QUOTE (saltandlight123 @ Oct 5 2011, 04:42 PM)
Hi,
I'll try to keep this brief. I have never ever been on an online forum before and it feels a bit odd but I really am at the end of my rope and sadly nobody in my life understands. I am being what I can only be described as bullied by someone that is at my church. its been going on since I was 11 and I am now 23 and a junior doctor and yet I get upset to the point of being sick by one individual in my church.

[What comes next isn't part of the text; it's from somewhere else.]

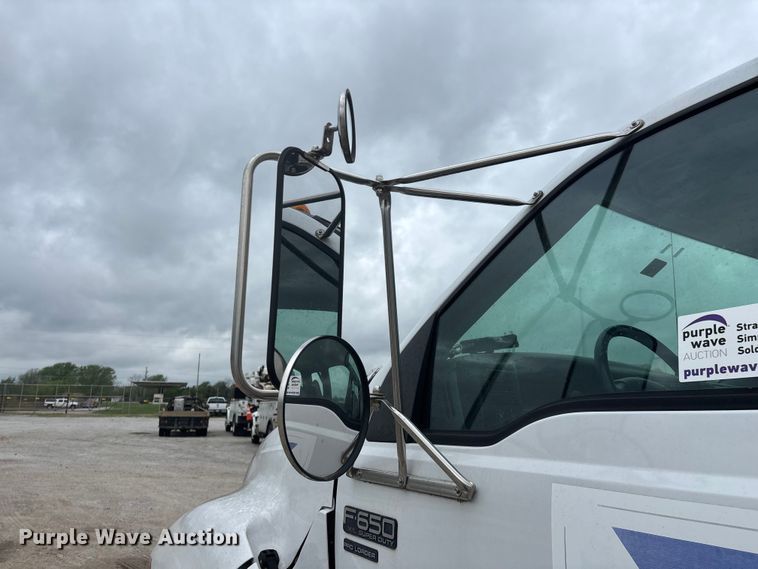 image for item FG0250 2006 Ford F650 utility / service truck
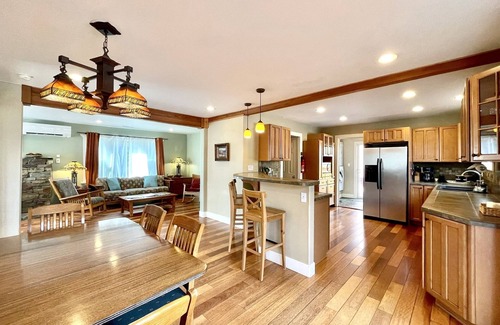River West Cabina | Cozy Craftsman in awesome location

It is so so hard to put into words the actions of this girl who is the same age as me and we have a warped almost friendship where we are facebook friends and spend time together yet she consistently undermines me, tries to catch me out, spreads rumours and is so passively agressive towards me. her family play a huge role in our church and although i have just entered into some church leadership i am scared to be involved in anything because i know she will rip me to shreds in private. I know this sounds so easy: ignore her! Confront her! But for some reason after 12 years she has backed me into a corner where I actually sounds crazy and paranoid if i say anything. My own family just tell me to simply ignore her and this really upsets me. I keep over reacting to what is in comparison very small things but i cannot help it. Eughh im even having trouble putting it into words on here how much this girl scares me and it makes me sick to even go on facebook as i know there will be another nasty update written about me but without mentioning my actual name! ahh im meant to be a qualified doctor and I am sounding crazy!!! can someone please give me some advice :s
Sorry about your ordeal. As you are maturing, and understand that this person is a blight in your life, who is demeaning you for her own pleasure, you will realize that you as an adult have to make important choices. You will not be able to change this person, but continue to pray for her. Do not stoop to haiting her, you are better than that. I think you should not at all be hesitant nor afraid to set limits and boundaries as to who you will allow into your life. Learn the lesson here, this person is a closed book; you will gain nothing but trouble by trying to confront or change her. Carefully, firmly and consistently disengage this person out of your life. This person's opinions of you, should not be allowed to rule your life. You are at an important portion of your life in establishing yourself- go on about the business of serving God, not just in your local church. You might even find it helpful to join a different group. Stop reading or taking in her negatives. God bless you, and I will be praying for good Christian friends in your life that you will bless and be blessed of the same.